Frente al discurso prudente y cauteloso de Víctor Muñoz, que a fecha de hoy la realidad es la que es y si algo bueno ha de venir ya vendrá, varios jugadores de la plantilla han elevado considerablemente las perspectivas cuando han hecho uso de la palabra en las últimas fechas. Primero fue Montañés el que se atrevió a vaticinar que con el nuevo orden, con lo que percibía desde el cambio de entrenador, el Real Zaragoza iba a perder muy pocos partidos. Desde entonces no ha perdido ninguno, aunque solo ha ganado uno. Lo otro, dos empates. Luego fue Javi Álamo el que elevó las expectativas cuando dijo que él miraba para arriba, no para abajo, estuviera la línea del descenso donde estuviera. Y esta semana ha sido Henríquez el que ha reafirmado ese estado de optimismo fijando su objetivo: la promoción de ascenso.
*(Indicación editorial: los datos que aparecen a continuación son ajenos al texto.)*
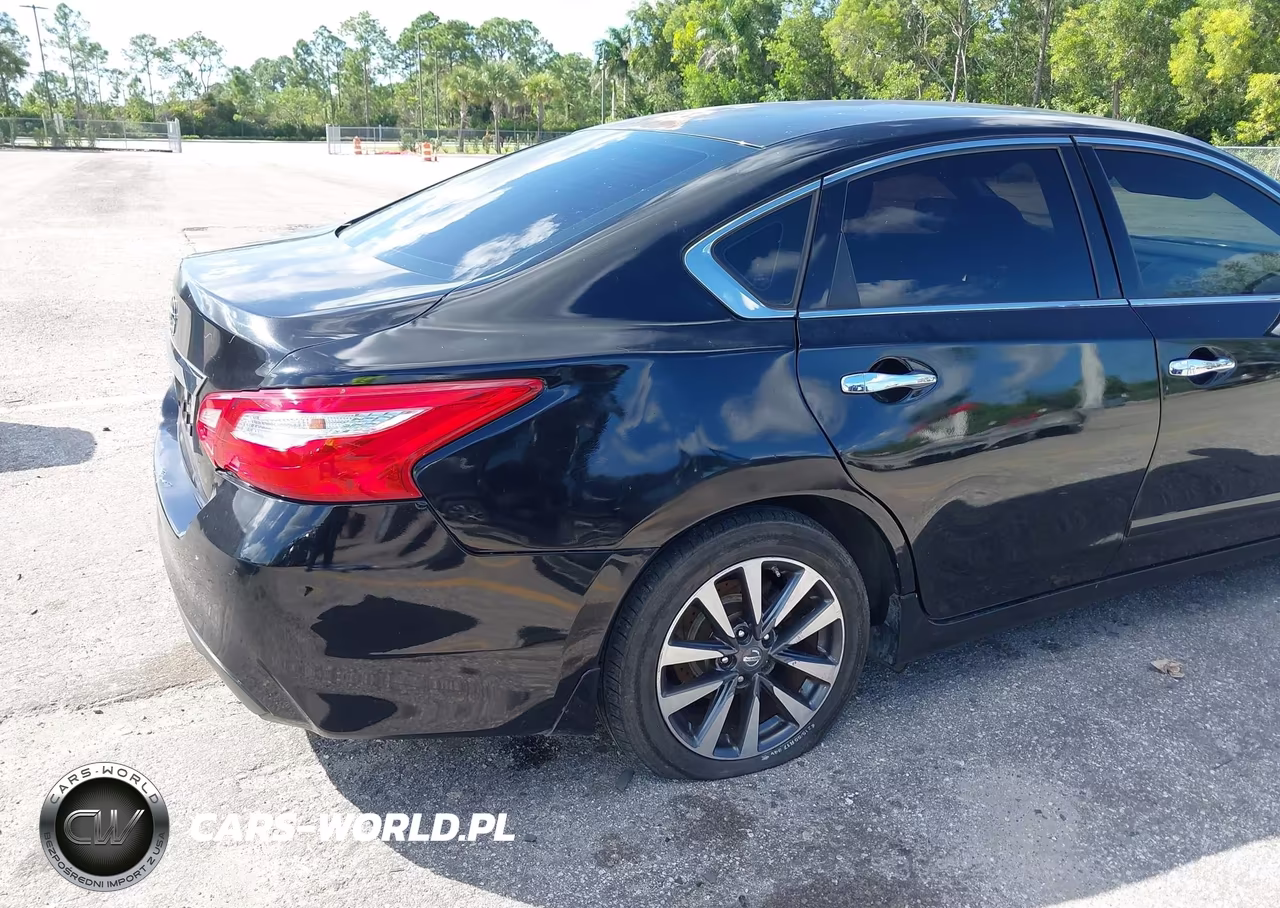 2016 Nissan Altima 2.5 S VIN:1N4AL3AP2GC123113 - 14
Lo cierto es que cuando tan solo restan 24 puntos por repartir, el Real Zaragoza está perdido en media tabla, casi a mitad de camino del peligro de la Segunda B y del sueño del playoff. Está ahí porque no ha merecido otra cosa. Esta Segunda, devaluada y generosa como nunca, todavía le ha guardado una última oportunidad para todo.

Para acercarse a la meta de Henríquez, el Real Zaragoza necesita un esprint tipo Bale: un mínimo de seis victorias en ocho jornadas. Si el equipo es capaz de derrotar al Jaén, que está en descenso, y la semana próxima al Girona, también en peligro, merodeará los puestos altos y podrá hacer de nuevo las cuentas de la lechera. Si no enlaza esos dos triunfos no le quedará más destino que consolidar la salvación.

En cualquier caso, bienvenido sea un vestuario ambicioso. Mejor así que triste y resignado. Está bien esa ilusión primaveral. Aunque más que los vaticinios, que por buenos que sean ni te llevan adelante ni para atrás, lo que son estupendos son los triunfos. Las palabras sin victorias quedan huecas.